Directions:
Go through the following data and transcribe exactly the stretch of lines from the one holding "246 Hickory Street, Washington" to the one holding "2018 Toyota Camry", both included.

╭──

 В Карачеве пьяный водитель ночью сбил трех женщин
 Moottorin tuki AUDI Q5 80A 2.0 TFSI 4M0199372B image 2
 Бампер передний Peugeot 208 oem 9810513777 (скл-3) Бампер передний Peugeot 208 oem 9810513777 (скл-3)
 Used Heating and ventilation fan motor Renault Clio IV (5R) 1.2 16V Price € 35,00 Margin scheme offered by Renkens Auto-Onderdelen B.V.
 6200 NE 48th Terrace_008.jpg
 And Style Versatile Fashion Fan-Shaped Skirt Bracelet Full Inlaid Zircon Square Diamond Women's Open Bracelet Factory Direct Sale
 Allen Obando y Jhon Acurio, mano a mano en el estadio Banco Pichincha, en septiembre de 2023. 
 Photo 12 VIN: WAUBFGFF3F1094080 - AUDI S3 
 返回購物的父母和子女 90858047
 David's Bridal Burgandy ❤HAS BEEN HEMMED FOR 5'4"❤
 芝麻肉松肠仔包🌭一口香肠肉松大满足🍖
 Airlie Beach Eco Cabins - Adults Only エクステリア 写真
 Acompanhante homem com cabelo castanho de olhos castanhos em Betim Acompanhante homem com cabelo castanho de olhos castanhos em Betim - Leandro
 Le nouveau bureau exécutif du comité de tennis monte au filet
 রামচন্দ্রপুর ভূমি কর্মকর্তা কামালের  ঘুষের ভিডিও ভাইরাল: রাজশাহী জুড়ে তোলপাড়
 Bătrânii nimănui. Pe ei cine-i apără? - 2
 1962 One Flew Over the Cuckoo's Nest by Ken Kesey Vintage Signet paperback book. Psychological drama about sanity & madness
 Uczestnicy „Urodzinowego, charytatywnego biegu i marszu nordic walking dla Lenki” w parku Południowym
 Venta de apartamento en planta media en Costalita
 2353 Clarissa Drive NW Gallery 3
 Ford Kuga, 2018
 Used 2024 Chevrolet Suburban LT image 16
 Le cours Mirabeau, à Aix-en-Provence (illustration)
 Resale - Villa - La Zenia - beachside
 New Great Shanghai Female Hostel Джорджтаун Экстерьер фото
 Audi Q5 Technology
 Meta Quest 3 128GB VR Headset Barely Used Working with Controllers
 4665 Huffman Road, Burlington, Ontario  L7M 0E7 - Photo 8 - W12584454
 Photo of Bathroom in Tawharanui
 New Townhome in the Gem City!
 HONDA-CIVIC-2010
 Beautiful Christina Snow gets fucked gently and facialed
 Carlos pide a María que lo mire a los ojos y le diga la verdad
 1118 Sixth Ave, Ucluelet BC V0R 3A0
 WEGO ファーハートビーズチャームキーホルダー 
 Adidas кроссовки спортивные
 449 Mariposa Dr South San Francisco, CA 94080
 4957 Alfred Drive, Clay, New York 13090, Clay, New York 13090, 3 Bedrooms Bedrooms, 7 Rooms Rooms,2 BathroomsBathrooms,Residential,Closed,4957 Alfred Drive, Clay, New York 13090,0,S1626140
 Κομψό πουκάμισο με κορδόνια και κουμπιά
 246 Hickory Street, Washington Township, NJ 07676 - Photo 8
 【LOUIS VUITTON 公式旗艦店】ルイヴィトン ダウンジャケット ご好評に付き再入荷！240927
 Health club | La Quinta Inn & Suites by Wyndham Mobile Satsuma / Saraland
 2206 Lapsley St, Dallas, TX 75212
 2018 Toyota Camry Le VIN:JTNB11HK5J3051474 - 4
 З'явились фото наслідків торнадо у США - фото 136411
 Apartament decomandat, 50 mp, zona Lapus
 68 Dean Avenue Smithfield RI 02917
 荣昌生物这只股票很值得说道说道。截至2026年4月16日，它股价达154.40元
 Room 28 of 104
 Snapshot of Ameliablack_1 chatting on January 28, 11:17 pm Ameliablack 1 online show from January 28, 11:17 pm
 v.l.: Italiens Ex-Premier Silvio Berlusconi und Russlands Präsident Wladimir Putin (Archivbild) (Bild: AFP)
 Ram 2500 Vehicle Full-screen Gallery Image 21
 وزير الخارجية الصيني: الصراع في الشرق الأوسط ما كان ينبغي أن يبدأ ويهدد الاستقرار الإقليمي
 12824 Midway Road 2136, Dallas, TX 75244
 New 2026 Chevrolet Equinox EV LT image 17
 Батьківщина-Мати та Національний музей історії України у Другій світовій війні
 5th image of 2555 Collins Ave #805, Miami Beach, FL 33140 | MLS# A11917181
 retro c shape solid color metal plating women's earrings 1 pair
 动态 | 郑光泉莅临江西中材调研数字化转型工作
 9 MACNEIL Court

╰──

Answer space:
 246 Hickory Street, Washington Township, NJ 07676 - Photo 8
 【LOUIS VUITTON 公式旗艦店】ルイヴィトン ダウンジャケット ご好評に付き再入荷！240927
 Health club | La Quinta Inn & Suites by Wyndham Mobile Satsuma / Saraland
 2206 Lapsley St, Dallas, TX 75212
 2018 Toyota Camry Le VIN:JTNB11HK5J3051474 - 4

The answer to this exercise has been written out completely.